Sony’s charging case for the WF-1000X is one of the longest I’ve come across for a pair of truly wireless headphones, but it’s quite thin and slim — and that makes it more easily pocketable and portable than, say, B&O or Jaybird’s cases for their respective truly wireless ‘buds. The WF-1000X case fits in my front jeans pocket alongside my wallet quite nicely, and it just works in the same way that the AirPods’ case fits in that little coin pocket most jeans have. It doesn’t use USB-C (oh, woe is me) but rather microUSB. You’ll get another two full charges — so six extra hours — from the case, and it itself takes two hours to charge. It’s a good balancing act between size, battery life and charging speed.
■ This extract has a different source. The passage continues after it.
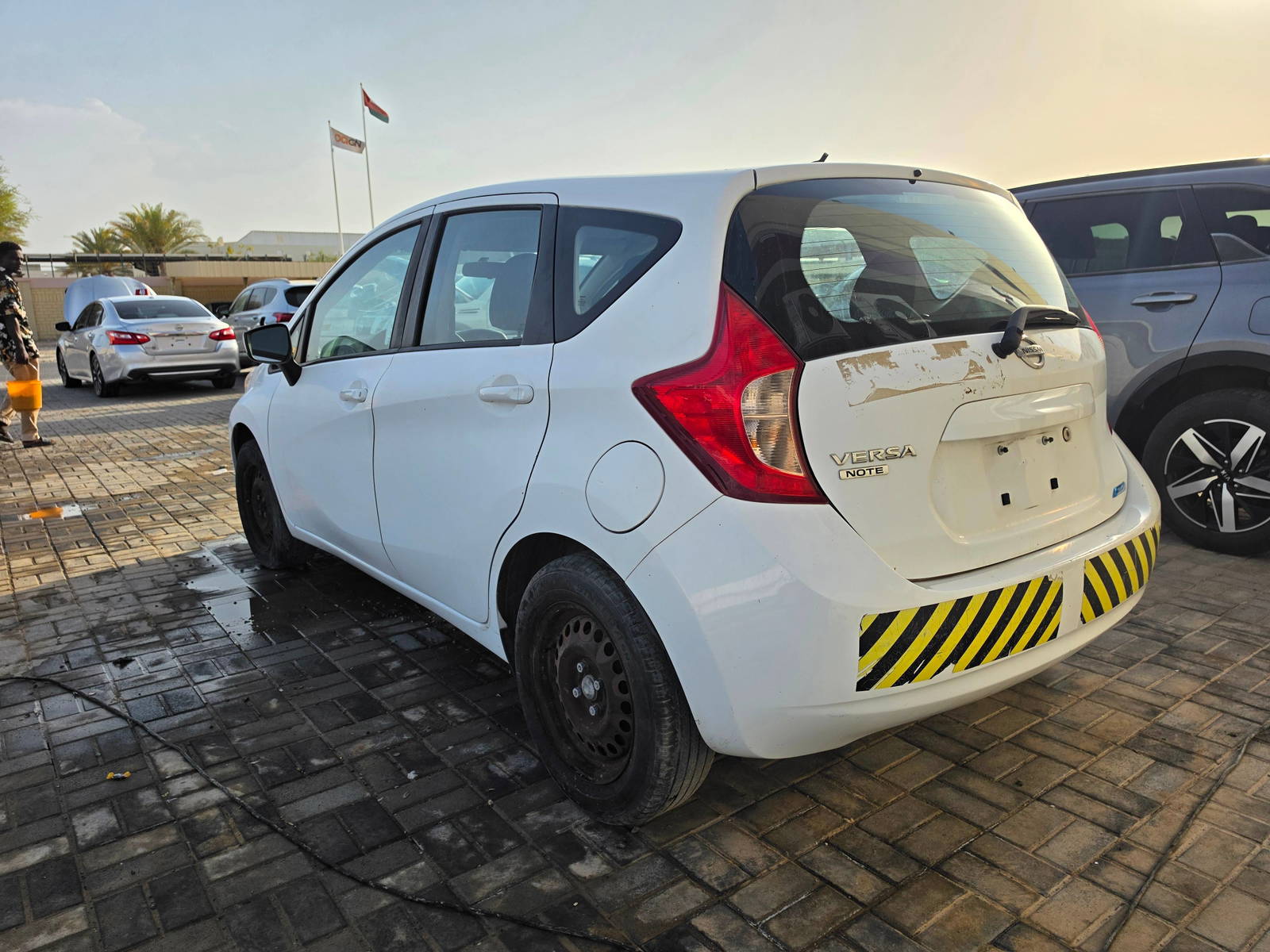 2016 NISSAN VERSA NOTE — 186914 Miles — Lot 90366315 — Main - Marhaba Auctions Used Cars - Image 5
Sony also deserves praise for how well thought out its little accessory kit for the WF-1000X is. You get a spare pair of larger ear-wings, and three pairs each of silicon and foam ear-tips that should give you the best chance possible of fitting these tiny earbuds comfortably in your ear. Their design isn’t as streamlined as some other in-ears I’ve tried, but these included extras go a long way towards making the WF-1000X versatile enough for a wide range of ears and listeners.

What’s It Not Good At?

Battery life when you’re running noise cancelling and listening to music on the WF-1000X is not incredible. You’ll get three hours of music listening maximum whether you have noise cancellation on or off, although that number jumps to eight hours if you’re just using the noise cancelling and not listening to anything. It takes 90 minutes to recharge the WF-1000X’s pair of tiny batteries for another three hours of listening, too — there’s no fast charging option unfortunately beyond 15 minutes for 75 minutes of listening, so you’ll have to wait for that 90 minutes to be up before you can listen again for the WF-1000X’s rated lifespan. These are commuter earphones first and foremost, rather than something you can wear an entire day.

The fit and comfort is not bad, but definitely not up to the grade of the Beoplay E8‘s smoothly fluted design. Neither of those little replaceable silicon ear-wings don’t do a great deal to hold the WF-1000X in my ears, and it’s mainly choosing the right size of silicon (or Comply foam) ear-tips that will keep the WF-1000X in your ears. It certainly helps that they’re light, though, at about seven grams each, and the translucent antenna section at the front of each earphone sits against the wearer’s tragus o hold it slightly more securely.

It’s both a minor complaint and a side effect of having such tiny batteries in each earphone, but the WF-1000X doesn’t have the same excellent sound optimisation features that the world-beating WH-1000XM2 over-ear headphones do. You can’t move the location of the sound in a virtual field around your head, you don’t get automatic sound adjustment based on the air pressure — good for frequent flyers — and you don’t get automatic noise cancellation adjustment when you’re out walking or sitting on a train or at your office desk. These headphones are far more straightforward — you have noise cancelling, ambient noise boosting, and that’s it.

Should You Buy It?

At the moment, Sony’s $399 WF-1000X is the only in-ear, truly wireless pair of headphones that has any kind of noise cancelling built in — and while it’s not incredibly powerful, it does reduce ambient noise by a moderate amount. If you’re an everyday commuter, that should appeal to you — because a lower ambient noise floor means you can keep your headphones quieter and better protect your hearing. Similarly, the ambient noise boost using those same microphones is good for night-time runners that want to keep an ear on their environments while out jogging on empty streets.

Outside of that middling but sometimes convenient noise cancelling, the WF-1000X actually sound pretty damn good as well — like a good pair of headphones, and especially one with the $399.95 price tag these Sony in-ears carry with them, should. For battery-powered wireless earphones the WF-1000X sound great, roughly on par with the B&O Beoplay E8 that currently reign supreme. You’re paying a lot for the privilege of completely wireless earphones that sound impressive, but these Sony specials deliver on their promise.